Please transcribe only the lines that run from the line bearing "Halloween decorations. Spider's" to the end of the entries, keeping both end lines. Skip the pictures.
** Opening Available data block **
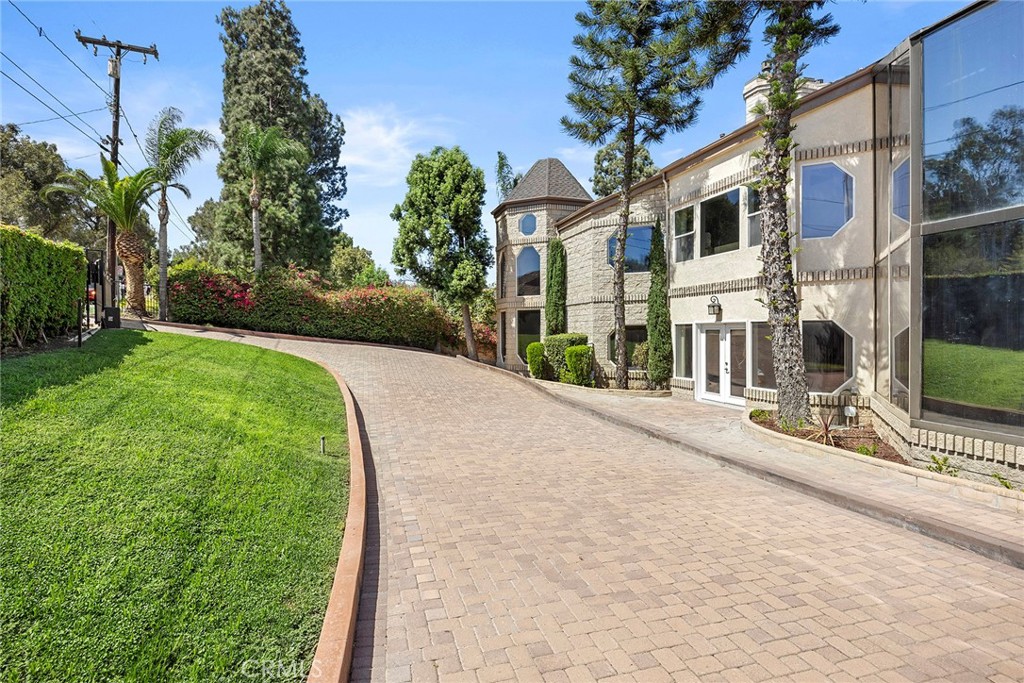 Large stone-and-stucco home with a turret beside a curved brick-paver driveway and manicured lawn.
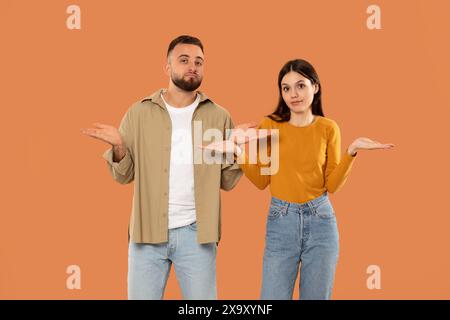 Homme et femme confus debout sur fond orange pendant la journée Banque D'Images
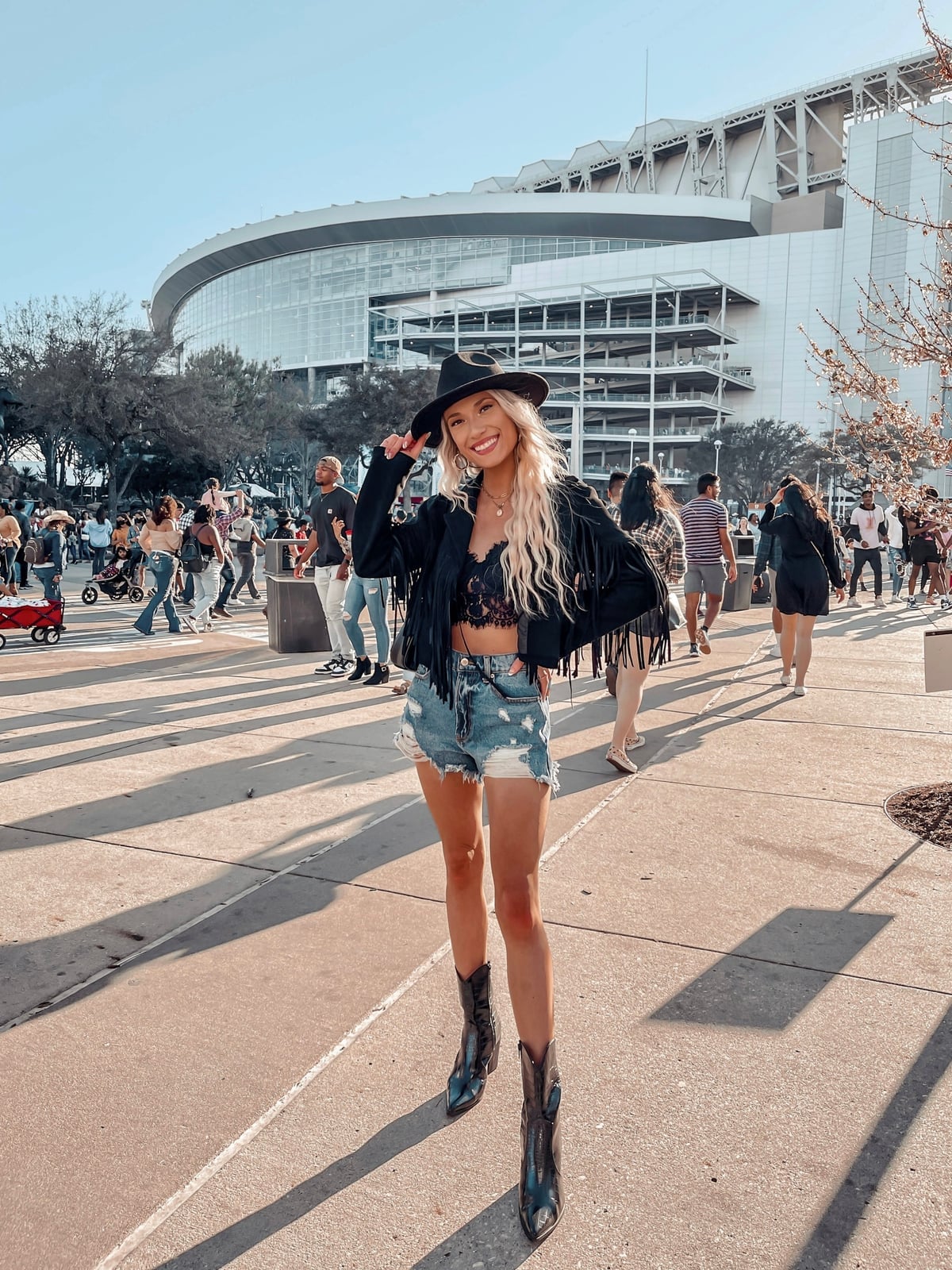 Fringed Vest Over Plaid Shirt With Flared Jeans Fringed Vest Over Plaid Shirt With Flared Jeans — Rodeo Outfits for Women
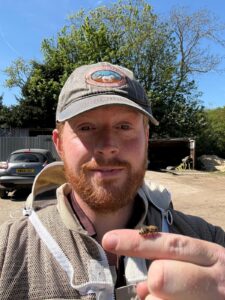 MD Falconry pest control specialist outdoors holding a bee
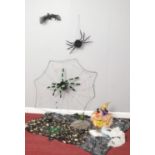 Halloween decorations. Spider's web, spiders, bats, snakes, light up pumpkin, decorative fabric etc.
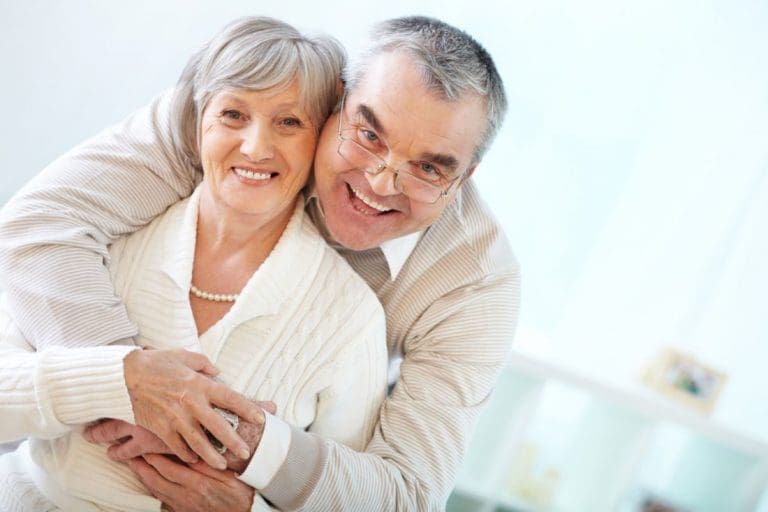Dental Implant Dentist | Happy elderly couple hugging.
** Closing Available data block **
**Result of the task:**
 Halloween decorations. Spider's web, spiders, bats, snakes, light up pumpkin, decorative fabric etc.
Dental Implant Dentist | Happy elderly couple hugging.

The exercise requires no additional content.